Hari sabtu, ialah libur akhir pekan bagi sebagian orang. Mereka ingin menikmati sarapan di rumah dengan secangkir teh atau kopi, bersama anggota keluarga yang lain.
Mungkin itulah sebabnya, sejak pagi-pagi sekali dan burung-burung masih ramai berkicau, warung kopi Dika sudah ramai dengan pembeli.
Saya menunda sebentar, sebab asyik membaca laman Kompasiana. Bagi saya ini lebih dari seperti membaca koran pagi. Merupakan booster semangat tersendiri.
Setelah menyelesaikan tiga judul artikel, akhirnya pergi ke warung langganan diiringi hangatnya matahari pagi. Iya, saya paling suka suasana pagi. Apalagi sedang cerah seperti sekarang. Bunga-bunga liar bermekaran di tepi-tepi jalan.
Saya tersentak, di warung kopi yang juga menyediakan menu nasi kuning, nasi pecel dan aneka gorengan ini, si empunya warung menyambut saya dengan sebuah curhat. Bentuknya sebuah omelan yang sebenarnya ditujukan untuk sang kakak.
Saya menanggapi dengan tawa saja, karena kami memang akrab dan sering bercanda. Apalagi sang kakak juga berada di situ. Setiap pagi ia diantar oleh suami untuk membantu adiknya mencari nafkah. Konon ia sebenarnya tak mendapat gaji atau bayaran sepeser pun. Adiknya seorang janda beranak satu dan mengontrak rumah petak. Hmm, pantaslah.
Ternyata yang diributkan adalah sang kakak datang terlambat dari biasanya. Pukul tujuh ia baru datang sedangkan adiknya kewalahan sejak tadi.
"Dua pembeli pulang loh Bu, karena cari ote-ote (bahasa Indonesia: bakwan) tapi belum digoreng!"
"Di rumah kacau tadi Bu, anakku yang kecil menangis..." sahut sang kakak.
"Tak apalah, itu namanya bukan rezeki," saya menengahi.

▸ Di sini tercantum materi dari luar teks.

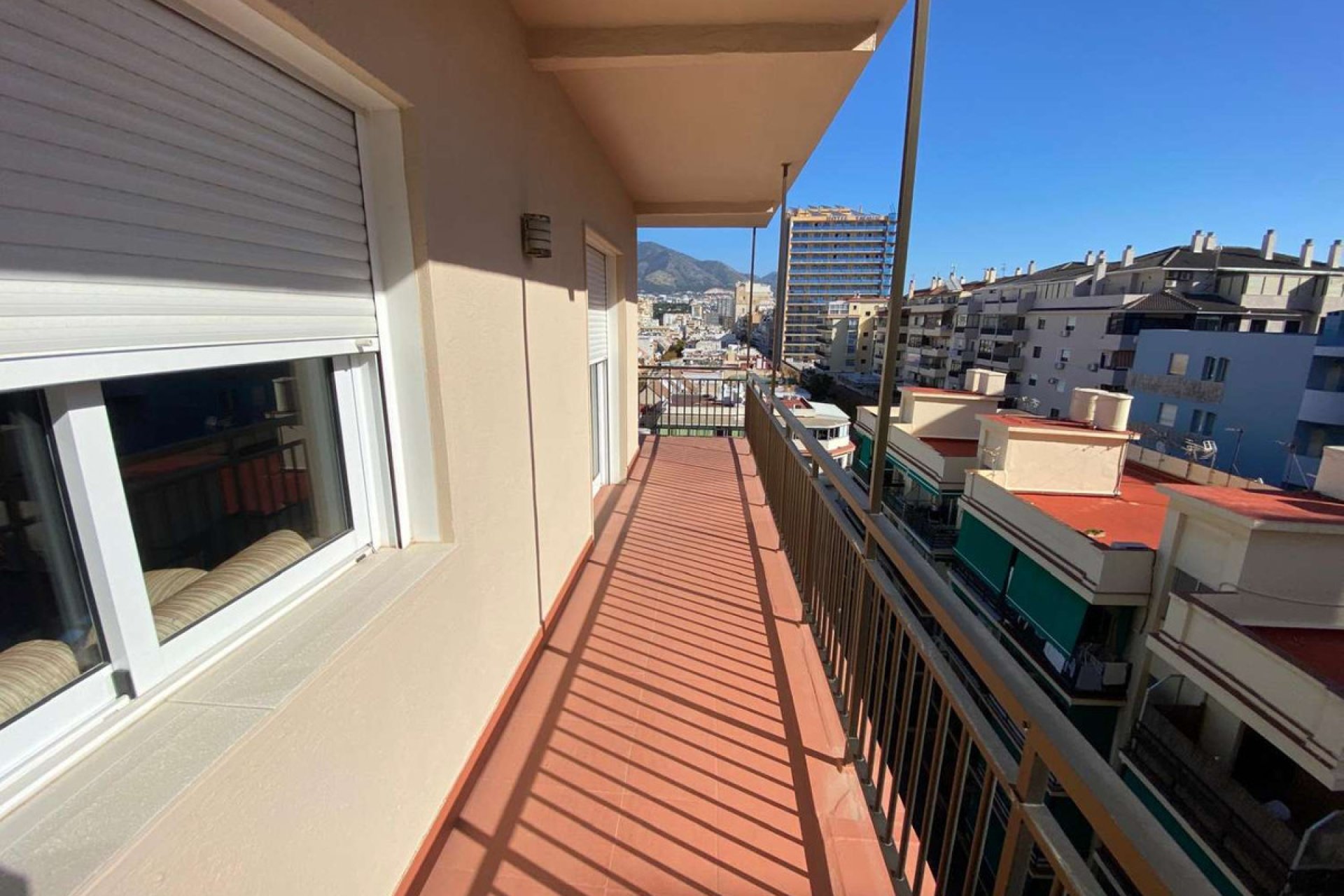 Resale - Apartment - Middle Floor Apartment - Fuengirola - Fuengirola Centro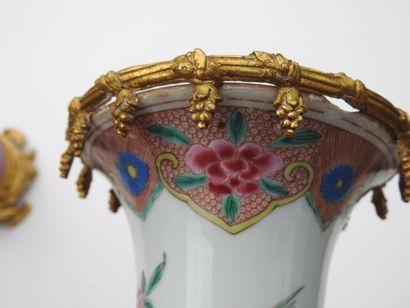 CHINE : Deux vases montés pouvant former...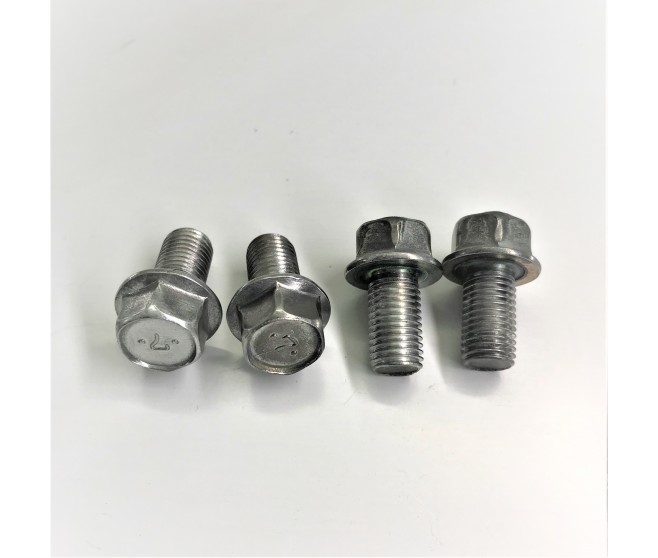 INLET MANIFOLD BOLTS FOR A MITSUBISHI ENGINE - 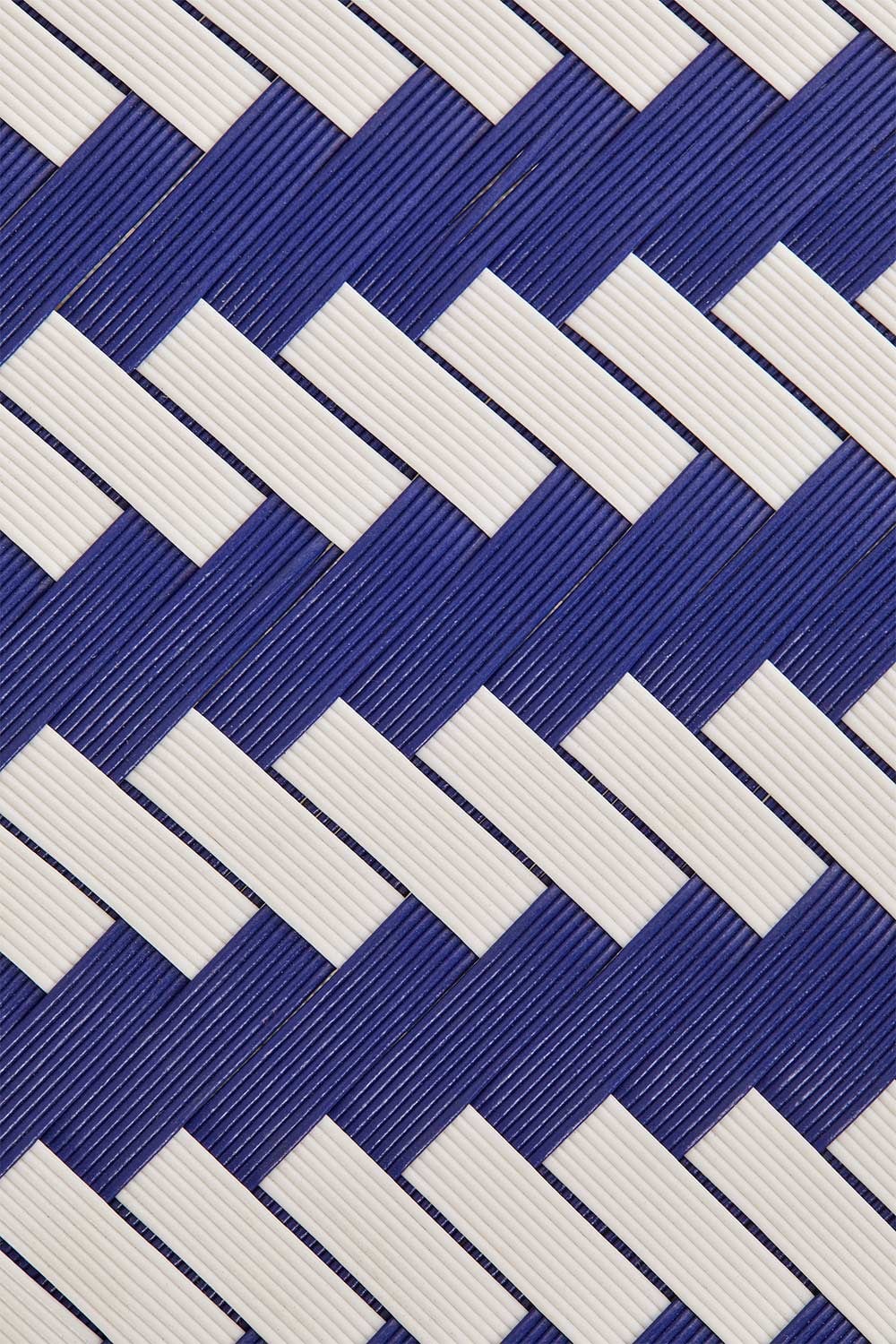 Pack of 4 Brielle Bistro aluminum stackable garden chairs with armrests, gallery image 7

Tapi dengan ekspresi tertawa dan nada bercanda, tetap saja pemilik warung menyindir dan menyalahkan kakak perempuannya.
Sebenarnya sedang ada pelanggan lelaki yang minum kopi dan makan di sana, serta dua orang lain yang mengantri. Tapi sambil tangannya bergerak melayani, ia terus saja berkicau mengalahkan burung-burung di ranting pohon jambu.
Sahabat Pembaca, ilustrasi di atas mungkin pernah pula Anda jumpai.
Sebenarnya, apa alasan pemilik warung saat kehilangan omset sepuluh-dua puluh ribu rupiah untuk mengeluh?
Seorang muslimah apalagi, seharusnya tahu menilai rezeki itu bentuknya apa saja. Dan bila pun sudah terkumpul, bisa saja Allah swt mengambilnya kembali. Apakah pantas kita menyesali uang yang tidak sampai ke tangan kita?
Izinkan saya mengutip ayat al qur'an sebagai pedoman umat muslim.
وَّيَرْزُقْهُ مِنْ حَيْثُ لَا يَحْتَسِبُۗ وَمَنْ يَّتَوَكَّلْ عَلَى اللّٰهِ فَهُوَ حَسْبُهٗ ۗاِنَّ اللّٰهَ بَالِغُ اَمْرِهٖۗ قَدْ جَعَلَ اللّٰهُ لِكُلِّ شَيْءٍ قَدْرًا
dan Dia memberinya rezeki dari arah yang tidak disangka-sangkanya. Dan barangsiapa bertawakal kepada Allah, niscaya Allah akan mencukupkan (keperluan)nya. Sesungguhnya Allah melaksanakan urusan-Nya. Sungguh, Allah telah mengadakan ketentuan bagi setiap sesuatu (At Thalaq:3)
Kemudian ayat lain lagi,
أَوَلَمْ يَعْلَمُوا أَنَّ اللَّهَ يَبْسُطُ الرِّزْقَ لِمَنْ يَشَاءُ وَيَقْدِرُ ۚ إِنَّ فِي ذَٰلِكَ لَآيَاتٍ لِقَوْمٍ يُؤْمِنُونَ
Dan apakah mereka tidak mengetahui bahwa Allah melapangkan rezeki bagi siapa yang Dia kehendaki dan membatasinya (bagi siapa yang Dia kehendaki)? Sesungguhnya pada yang demikian itu terdapat tanda-tanda kekuasaan Allah bagi kaum yang beriman. – (Az-Zumar: 52)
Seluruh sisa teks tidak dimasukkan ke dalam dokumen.